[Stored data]
┄┄┄┄┄┄┄┄┄┄
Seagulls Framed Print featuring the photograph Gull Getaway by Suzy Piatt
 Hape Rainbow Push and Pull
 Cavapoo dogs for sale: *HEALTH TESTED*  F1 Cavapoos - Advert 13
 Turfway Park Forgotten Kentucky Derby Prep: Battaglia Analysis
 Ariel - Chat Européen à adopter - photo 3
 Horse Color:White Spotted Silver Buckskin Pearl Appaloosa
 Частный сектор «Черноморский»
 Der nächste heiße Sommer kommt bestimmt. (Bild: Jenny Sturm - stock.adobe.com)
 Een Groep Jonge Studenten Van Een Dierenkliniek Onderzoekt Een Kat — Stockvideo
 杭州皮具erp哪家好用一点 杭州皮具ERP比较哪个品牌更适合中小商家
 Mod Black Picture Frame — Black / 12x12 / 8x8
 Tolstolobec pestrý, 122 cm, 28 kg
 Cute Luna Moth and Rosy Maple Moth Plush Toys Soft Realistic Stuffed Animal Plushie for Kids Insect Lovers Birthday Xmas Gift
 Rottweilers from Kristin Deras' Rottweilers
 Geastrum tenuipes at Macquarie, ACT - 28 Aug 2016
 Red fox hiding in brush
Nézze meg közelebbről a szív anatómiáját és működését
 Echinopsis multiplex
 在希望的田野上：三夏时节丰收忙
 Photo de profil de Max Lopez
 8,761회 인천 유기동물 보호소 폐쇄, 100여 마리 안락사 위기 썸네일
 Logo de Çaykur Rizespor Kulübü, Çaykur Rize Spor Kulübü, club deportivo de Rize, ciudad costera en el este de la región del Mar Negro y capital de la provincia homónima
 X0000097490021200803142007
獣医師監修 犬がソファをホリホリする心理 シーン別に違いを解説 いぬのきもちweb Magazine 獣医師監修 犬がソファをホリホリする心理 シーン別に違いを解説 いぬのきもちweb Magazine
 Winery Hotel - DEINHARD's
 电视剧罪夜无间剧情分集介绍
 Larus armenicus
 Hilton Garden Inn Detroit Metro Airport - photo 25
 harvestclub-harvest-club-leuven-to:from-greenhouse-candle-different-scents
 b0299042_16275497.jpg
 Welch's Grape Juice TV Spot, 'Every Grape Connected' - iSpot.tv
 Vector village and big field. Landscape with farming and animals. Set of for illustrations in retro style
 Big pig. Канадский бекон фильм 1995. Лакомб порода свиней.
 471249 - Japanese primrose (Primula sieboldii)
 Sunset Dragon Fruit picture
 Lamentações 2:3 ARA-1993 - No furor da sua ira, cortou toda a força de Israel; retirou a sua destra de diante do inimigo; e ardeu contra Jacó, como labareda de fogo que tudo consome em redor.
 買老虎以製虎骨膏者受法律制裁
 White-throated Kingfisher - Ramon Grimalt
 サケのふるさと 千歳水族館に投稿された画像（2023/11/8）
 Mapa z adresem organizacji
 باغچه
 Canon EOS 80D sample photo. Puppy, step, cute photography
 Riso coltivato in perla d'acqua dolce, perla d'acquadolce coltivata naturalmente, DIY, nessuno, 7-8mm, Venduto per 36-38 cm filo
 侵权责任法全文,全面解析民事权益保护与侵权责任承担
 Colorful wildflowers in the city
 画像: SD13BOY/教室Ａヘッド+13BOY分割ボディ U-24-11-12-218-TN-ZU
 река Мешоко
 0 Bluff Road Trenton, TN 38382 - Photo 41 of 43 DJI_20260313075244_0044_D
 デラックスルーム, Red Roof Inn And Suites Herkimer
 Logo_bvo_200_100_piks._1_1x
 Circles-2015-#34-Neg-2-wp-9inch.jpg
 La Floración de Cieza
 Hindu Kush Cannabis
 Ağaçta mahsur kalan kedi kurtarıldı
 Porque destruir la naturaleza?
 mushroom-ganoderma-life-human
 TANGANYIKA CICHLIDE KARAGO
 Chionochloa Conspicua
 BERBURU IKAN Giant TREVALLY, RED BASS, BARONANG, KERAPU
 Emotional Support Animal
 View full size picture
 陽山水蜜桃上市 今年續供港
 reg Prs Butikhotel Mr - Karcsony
┄┄┄┄┄┄┄┄┄┄
◆ **Prompt**
Would you copy, unchanged, the stretch of the records above that begins at the line containing "电视剧罪夜无间剧情分集介绍" and ends at the line containing "Sunset Dragon Fruit picture", and only that?

◆ **Finished exercise**
 电视剧罪夜无间剧情分集介绍
 Larus armenicus
 Hilton Garden Inn Detroit Metro Airport - photo 25
 harvestclub-harvest-club-leuven-to:from-greenhouse-candle-different-scents
 b0299042_16275497.jpg
 Welch's Grape Juice TV Spot, 'Every Grape Connected' - iSpot.tv
 Vector village and big field. Landscape with farming and animals. Set of for illustrations in retro style
 Big pig. Канадский бекон фильм 1995. Лакомб порода свиней.
 471249 - Japanese primrose (Primula sieboldii)
 Sunset Dragon Fruit picture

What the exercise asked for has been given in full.